Comprised of Internet of Things (IoT) enabled sensors, real-time oil condition monitoring, oil sampling and analysis, edge computing and data analytics, as well as cyber-security features, “SmartGear is an advanced sensor suite that will provide the team critical information about the operating environment of the gearbox lubricant,” says Jon Keller, the Project Leader for the CRADA.
Under real operational conditions, the test will validate the SmartGear platform’s capability to provide in-line, real-time oil condition monitoring for wind turbine systems. The automated in-service oil sample collection process is coupled with LogiLube’s SmartLab mobile application comprising a full suite of tracking and reporting tools. Winergy and LogiLube expect that the central processing of dozens of parameters by the onboard mounted edge-processor will allow real-time analysis and reporting without interrupting run-time of the turbine. Particle count and size, water contamination, oil viscosity and the presence of aerated (foamed) oil are but a few of the critical parameters monitored in real-time by the SmartGear system. Proprietary algorithms are edge processed and the results are transmitted wirelessly every 30 seconds to a secure client accessible web-based dashboard, providing actionable intelligence.
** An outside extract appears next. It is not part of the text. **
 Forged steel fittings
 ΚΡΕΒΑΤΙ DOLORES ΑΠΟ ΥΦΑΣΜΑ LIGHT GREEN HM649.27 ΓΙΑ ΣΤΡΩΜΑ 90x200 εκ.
Gearbox lube oil samples are autonomously collected while the turbine is in full operating mode and are tracked and protected with end-to-end chain-of-custody providing a data log from ‘edge-to-lab-to-cloud’. LogiLube’s SmartLab smartphone app ensures the physical oil sample is matched with raw wind turbine operational data that is uncorrupted, thereby lowering the risk of human error and providing unparalleled data integrity. SmartGear has the ability to monitor fluid samples for particles (ferrous and non-ferrous) of as small as 4 microns, which is approximately one-tenth that of conventional wind industry oil monitoring solutions today. Twenty times smaller than the diameter of a human hair, detection of 4-micron particles gives wind turbine operators the ability to monitor wear particle behavior in real time. Coupling the real-time capability of SmartGear with the physical oil sample analysis of SmartLab will provide the corroborating evidence to support a data-driven O&M response.
“Having access to the data provided by this technology will significantly increase availability. The method of measuring continuously key oil condition parameters and verifying them through oil samples is unique in the industry” says Edwin Hidding, Head of Digital Gearbox at Winergy. The autonomously filled sample bottle containing gear lube oil is representative of in-service oil harvested while the gearbox is in operation. Water contamination, metal wear particles, dirt, debris and oil additives are therefore homogeneously mixed within the physical oil sample. Throughout the 12-month CRADA, NREL researchers will climb the tower of the GE 1.5 MW wind turbine to collect the used oil sample bottles every two weeks. The resulting oil analysis reports will be coupled with 100 million data points of real-time gearbox operational and oil quality data reported by the SmartOil™ system every 30 seconds and accessible via a secure web dashboard.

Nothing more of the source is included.